Tarte friande de langoustine au caviar (Yannick Alléno) © Greta Garbure

Les éditions Glénat sont spécialisées dans l’édition de très beaux livres de chefs.
De livres sur les vins et les vignobles aussi.
Entre autres. Car nous vous parlerons bientôt d’un livre sur la morue (pendant la semaine pascale).
C’est la volonté offensive de consigner un patrimoine qui fait de la France LE pays gastronomique par excellence.

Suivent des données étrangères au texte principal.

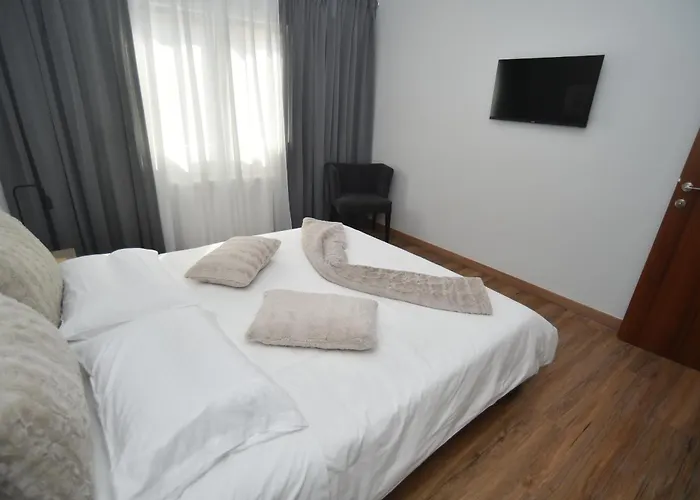 דירה Black And White 2 סלוניקי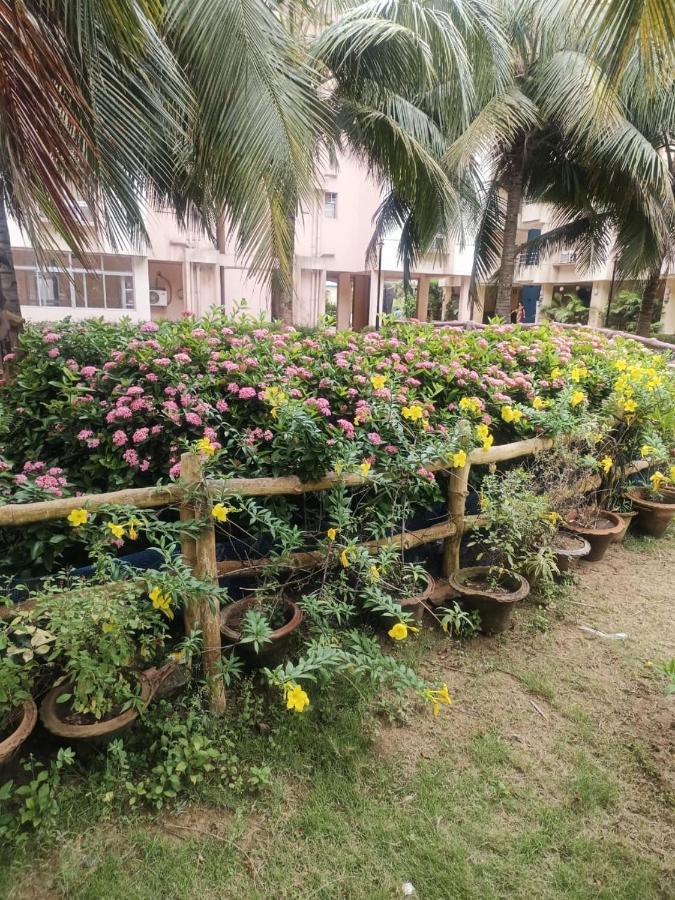 فندق Green Heaven Shree بوري المظهر الخارجي الصورة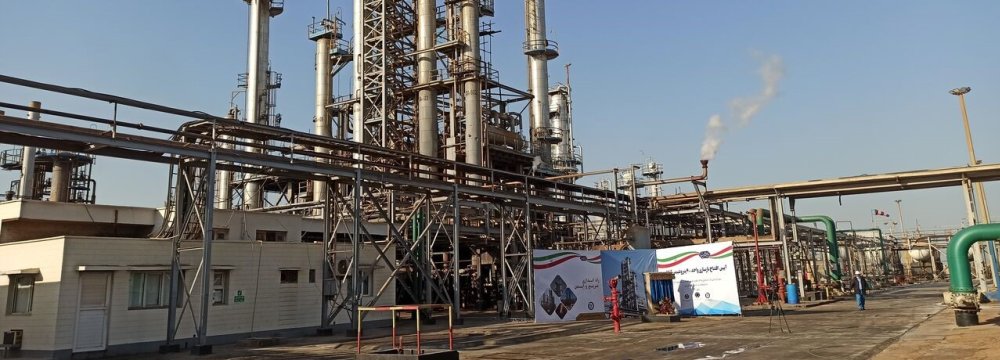 Abadan Petrochem Complex Plans to Increase Profit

Nous n’allons pas tous les énumérer mais vous pouvez retrouver quelques-unes de nos recensions ici ou là :

Bernard et Mathieu Pacaud : http://gretagarbure.com/2012/12/23/nos-mille-feuilles-nos-feuilletages-de-la-semaine-13/

Éric Briffard : http://gretagarbure.com/2012/12/23/nos-mille-feuilles-nos-feuilletages-de-la-semaine-13/

Les vins du Rhône : http://gretagarbure.com/2013/06/27/nos-mille-feuilles-nos-feuilletages-de-la-semaine-22/

Jean-Paul Lacombe : http://gretagarbure.com/2014/04/29/nos-mille-feuilles-nos-feuilletages-de-la-semaine-38/

• • •

Les Éditions Glénat — citons bien-sûr Jacques Glénat mais aussi Isabelle Fortis et Laurence Houlle — organisent donc tous les ans — c’était la 10e édition — un grand dîner des chefs pour rendre hommage à ces cuisiniers hors pair ou brillants artisans dont elles défendent ardemment les performances. Cette année, ça se passait chez Ledoyen et étaient présents Yannick Alléno — of course ! — mais aussi Jean-André Charial, Arkadiusz Zuchmanski, Jacques et Laurent Pourcel, Bernard Mure Ravaud (fromager à Grenoble), Éric Briffard, Denis Fétisson, Nicolas Masse, Jean-Michel Lorain,  Rémy Chambard (mon voisin de table), Alain Pégouret, Christophe Aribert, Jean Sulpice, Hamada Noriyuki et Stéphanie Le Quellec.

Les Chefs © Greta Garbure

Les Chefs © Greta Garbure

Mais trêve de mondanités, nous sommes aussi là pour le contenu des assiettes et, après une coupe de champagne Louis Roederer brut premier, il est temps de passer à table, d’autant que le menu est copieux :

Menu Dîner des Chefs Glénat

Encore un petit mot de Jacques Glénat pendant que le service se met en place…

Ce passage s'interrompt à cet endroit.